» Work instruction: Print the listing in its entirety and exactly, leaving out images.
(Dataset excerpt Opens)
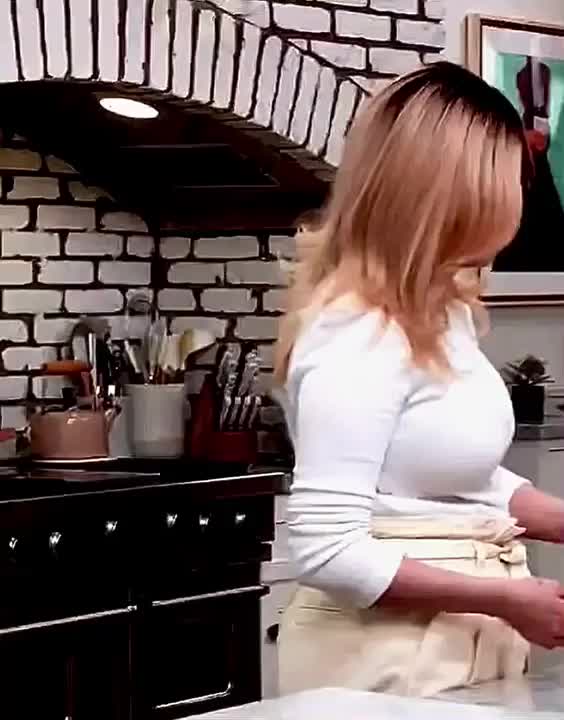 Selena Gomez has been looking so fucking thick and breedable lately - free porn video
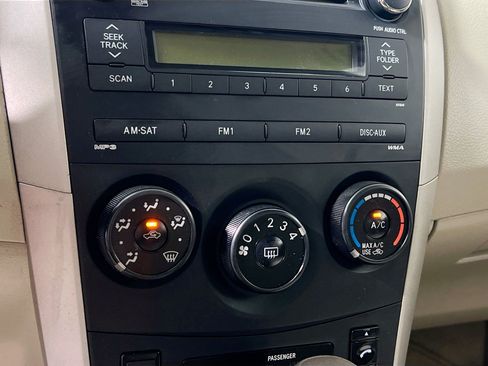 Used 2010 Toyota Corolla LE FWD image 25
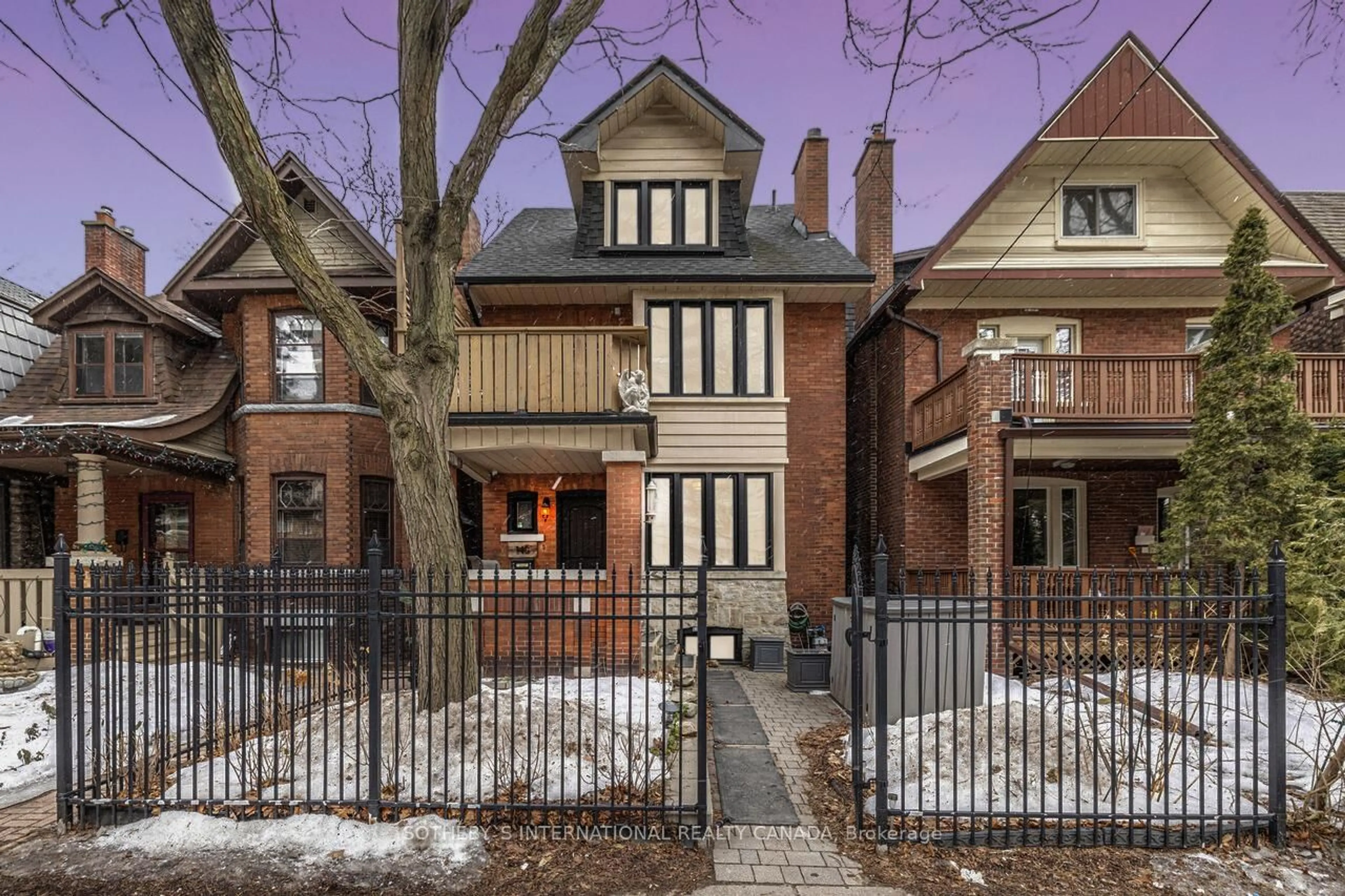 Home with brick exterior material, street for 140 Quebec Ave, Toronto Ontario M6P 2T7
(Dataset excerpt Closes)
» Solution for this problem:
 Selena Gomez has been looking so fucking thick and breedable lately - free porn video
 Used 2010 Toyota Corolla LE FWD image 25
 Home with brick exterior material, street for 140 Quebec Ave, Toronto Ontario M6P 2T7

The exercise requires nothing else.